Little Willie Leads to Big Cock-up

The idea of a mobile armoured vehicle capable of carrying a crew and fighting soldiers was dismissed by the Army powers that be as being impracticable.

However, in February 1915 Winston Churchill, then First Lord of the Admiralty, formed a “Landships Committee”. Its purpose was to develop an armoured fighting vehicle to convey mass numbers of troops, with a capability of breaking the deadlock that had emerged on the Western front as both sides “dug in” heralding the stalemate conditions of trench warfare. This effort was to result in a prototype vehicle being produced by the autumn of 1915 which became known as “Little Willie”, produced by William Foster & Company of Lincoln. The term “Little Willie”, possibly being an insult to the Kaiser.

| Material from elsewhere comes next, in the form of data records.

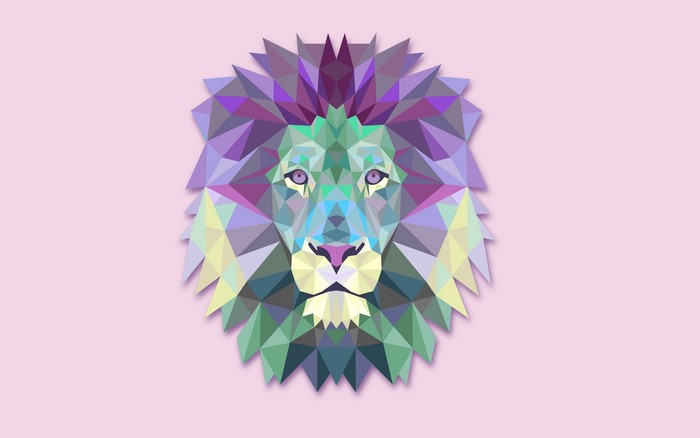 Geometric Lion Head Illustration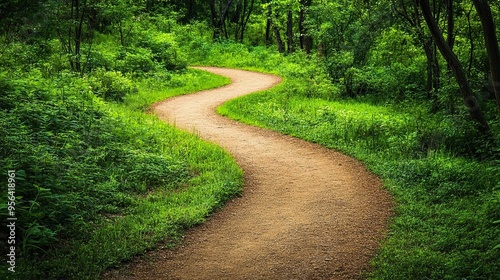 Curved Dirt Path: Winding Through Lush Green Forest Symbolizing Transformative Journey or Change of Pace in Serene Setting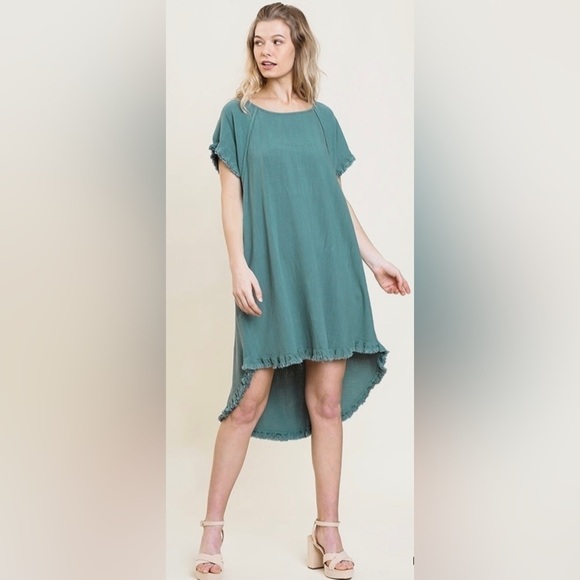 Umgee Small Sage Green Pocket Hi-Low  Dress Linen Blend With Boho Fringe - Picture 1 of 9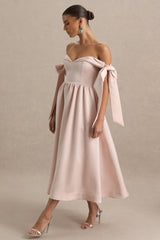 Agafay | Rose Pink Satin Short-Sleeve Bardot Wrap Midi Dress With Bow Detail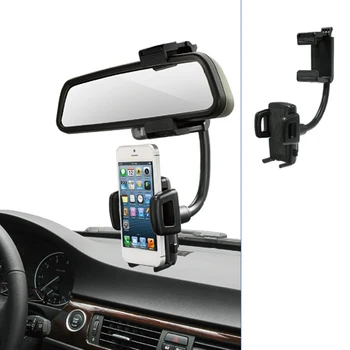 

Car Phone Holder Rearview Mirror Mount 360 Degrees Universal For IPhone Mobile Phone GPS car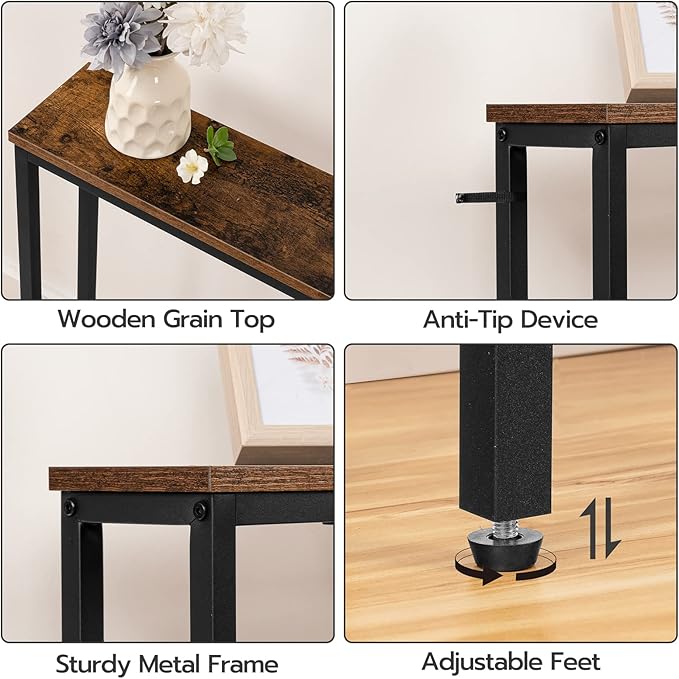HOOBRO 63" Narrow Console Table with Charging Station, 5.9" Sofa Table with 2 Power Outlets and USB Ports, Long Entryway Tables Behind Couch Table, for Hallway, Living Room, Rustic Brown BF165UXG01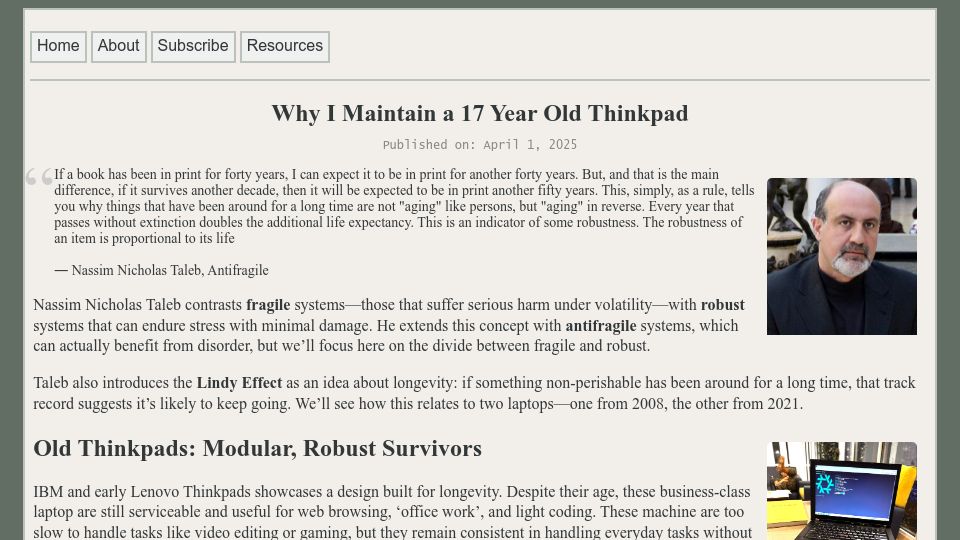 Screenshot of pilledtexts.com: I maintain a 17 year old ThinkPad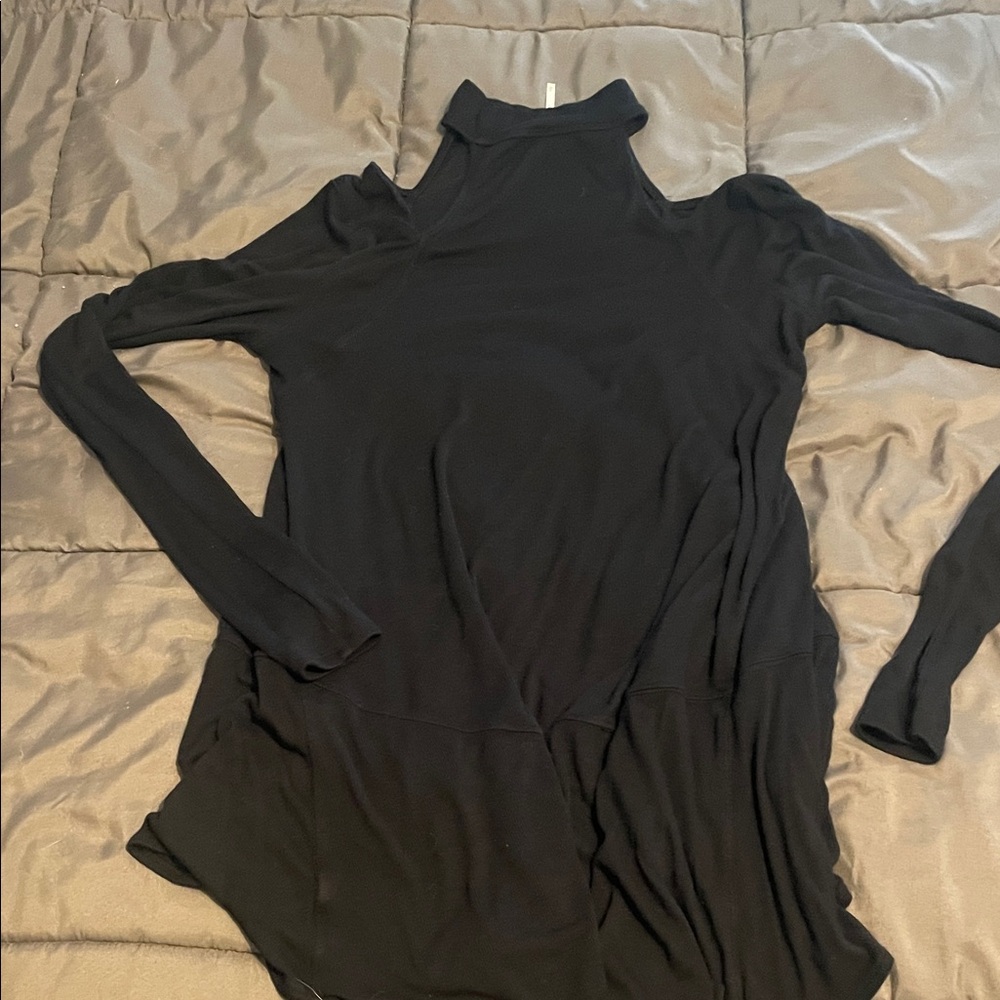 Free People Elegant Black Off-Shoulder Sweater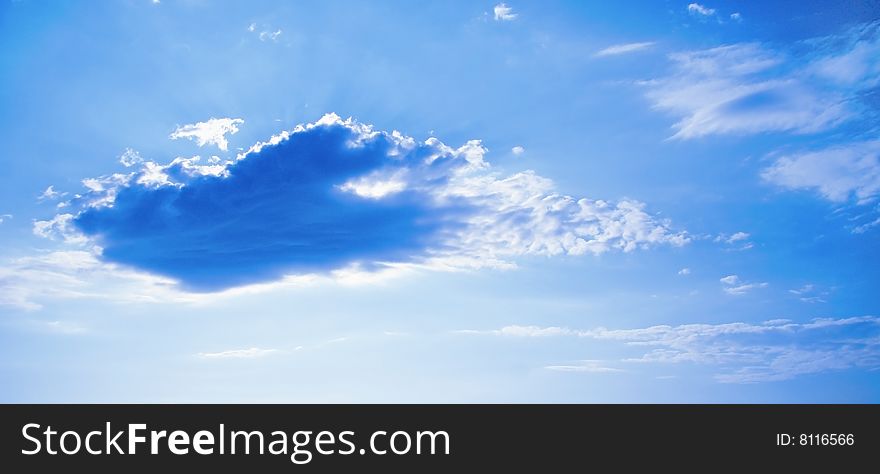 Cloud covering sun on a bright sunny day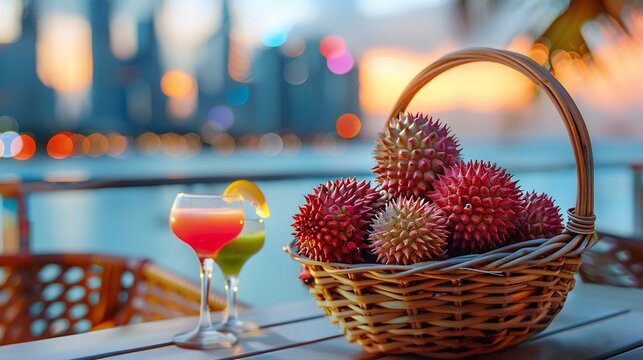 Mamoncillo fruits placed woven basket stylish rooftop terrace brightcolored cocktails the sunset city skyline softly blurred behind promoting a vibrant urban vibe Scientific name Melicoccus bijugatus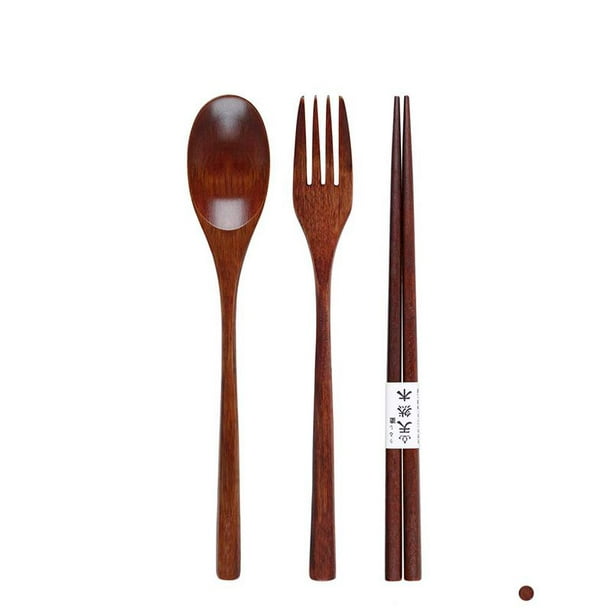 High Quality Natural Wooden Fork Spoon Chopsticks Tableware W/Pouch Set New 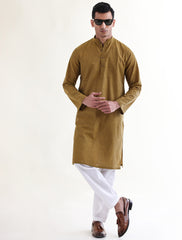 MUSTARD TOW TONE TEXTURED KURTA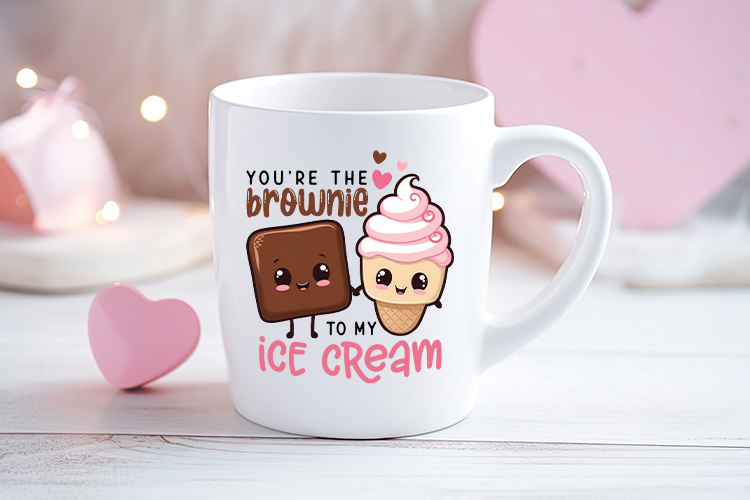 You're the Brownie to My Ice Cream - Valentine Food Pun PNG Mug Mockup Image.jpg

Development was taking place in the utmost secrecy, even the name “Tank” was used to fool the enemy into thinking they were making water carriers to convey fresh water to the front line.

Little Willie

Little Willie

The first prototype led to the production of another grander more powerful machine named “Big Willie” which in turn led to the Mark 1 tank.

During February 1916 Churchill had contacted General Haig to convince him of the worth of these landships. They were to be used as an infantry aid and any instructions were to be given and commanded in conjunction with an infantry unit. Haig though was a cavalry officer and thought like a cavalry officer. Some have said that Haig was slow to take on new technology and relied too heavily on the use of the horse. An unfair assessment in many ways as he had set up a training school in St. Vernant to train officers in the use of rapidly developing weaponry such as new trench mortars. So he was quite susceptible to the use of new equipment.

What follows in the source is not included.